Kabid Humas Polda Jawa Barat Kombes Trunoyudho mengemukakan, keonaran sebetulnya berlangsung selesai penggusuran di Tamansari dikerjakan dengan baik serta aman oleh petugas Satpol PP.
Casino Online Indonesia
"Sebenarnya dari pertama pagi itu aman. Siang isoma. Itu aman masih," papar Trunoyudho waktu dihubungi, Sabtu (14/12/2019).

Tetapi selesai istirahat siang, sambungnya, tiba-tiba hadir massa di luar masyarakat ditempat. Polri juga lihat terdapatnya kekuatan perselisihan di antara massa dengan Satpol PP.

Trunoyudho menyebutkan, kekuatan kacau diprediksi dengan mencegah. Polri minta masyarakat tidak bergabung serta membuyarkan diri.

Sumber : Liputan6

Selasa, 08 Oktober 2019

6.000 Personil Siaga Di Wamena

Rana Informasi - 6.000 Personil Siaga Di Wamena.

6.000 Personil Siaga Di Wamena

Senamyak 6.000 anggota kepolisian masih berjaga di Wamena, Papua. Pasalnya, polisi mendeteksi rencana aksi unjuk rasa yang bisa berujung ricuh di wilayah itu.
ketua Bagian penerangan awam Divisi Humas Polisi Republik Indonesia Kombes Pol Asep Adi Saputra mengatakan keadaan di Wamena sudah aman.

"Kita jamin keamanan di Wamena. sekitar enam ribu personel masih ada pada Papua buat mengamankan. Kita menganggap masih terdapat aksi-aksi yang memicu kerusuhan," ungkapnya di Mabes Polri, Jakarta Selatan, Senin (7/10).

dari Asep, kerusuhan pada Papua yg belakangan ini terjadi akibat didalangi oleh Komite Nasional Papua Barat (KNPB), kelompok Kriminal Bersenjata (KKB), serta United Liberation Movement for West Papua (ULMWP).
Casino Online
"insiden dampak kerusuhan pada Papua sudah jelas serta konkret didalangi tiga grup yaitu KNPB, KKB dan  ULMWP. Kita masih menganggap dan  mendeteksi akan ada aksi kerusuhan selanjutnya. seluruh aparat keamanan di Papua, baik TNI serta Polri bersiaga dan  beri jaminan keamanan ke masyarakat Papua, khususnya di Wamena," tuturnya.

Polisi juga sudah memutuskan sebanyak 13 orang menjadi tersangka dalam peristiwa kerusuhan pada Wamena beberapa hari lalu. sebesar 10 orang sudah ditahan dan  tiga lainnya masuk pada daftar pencarian orang.
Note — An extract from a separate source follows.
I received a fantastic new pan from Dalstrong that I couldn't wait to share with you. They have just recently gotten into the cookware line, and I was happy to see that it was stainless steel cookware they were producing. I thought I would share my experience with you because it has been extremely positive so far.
Mereka merupakan DM (19), RW (18), AU (16), RA (16), AK (19), DC (32), YP (22), ES (27), NT (27) dan  SK (40). Beberapa orang diantaranya merupakan pelajar seperti siswa Sekolah Menengan Atas atau Sekolah Menengah kejuruan.

ad interim buat ketiga buronan itu adalah YA, P dan  MH.
"Mereka ini aktivitasnya itu melanggar hukumnya karena menghasut orang lain supaya melakukan kejahatan," ujar Asep.

Adapun pasal yg disangkakan kepada mereka merupakan pasal 160 kitab undang-undang hukum pidana, Pasal 170 KUHP dan  Pasal 187 kitab undang-undang hukum pidana.
Baca Juga : Hutan Gunung Arjuno Kembali Terbakar
Ada interim itu barang bukti yang diamankan artinya 34 buah batu yg digunakan buat menyerang, satu unit motor yg terbakar, satu unit kendaraan hi-lux, pula rekaman video yang disita sebagai bukti petunjuk. Rekaman video itu diduga menjadi rekaman yg diviralkan sebagai hoaks.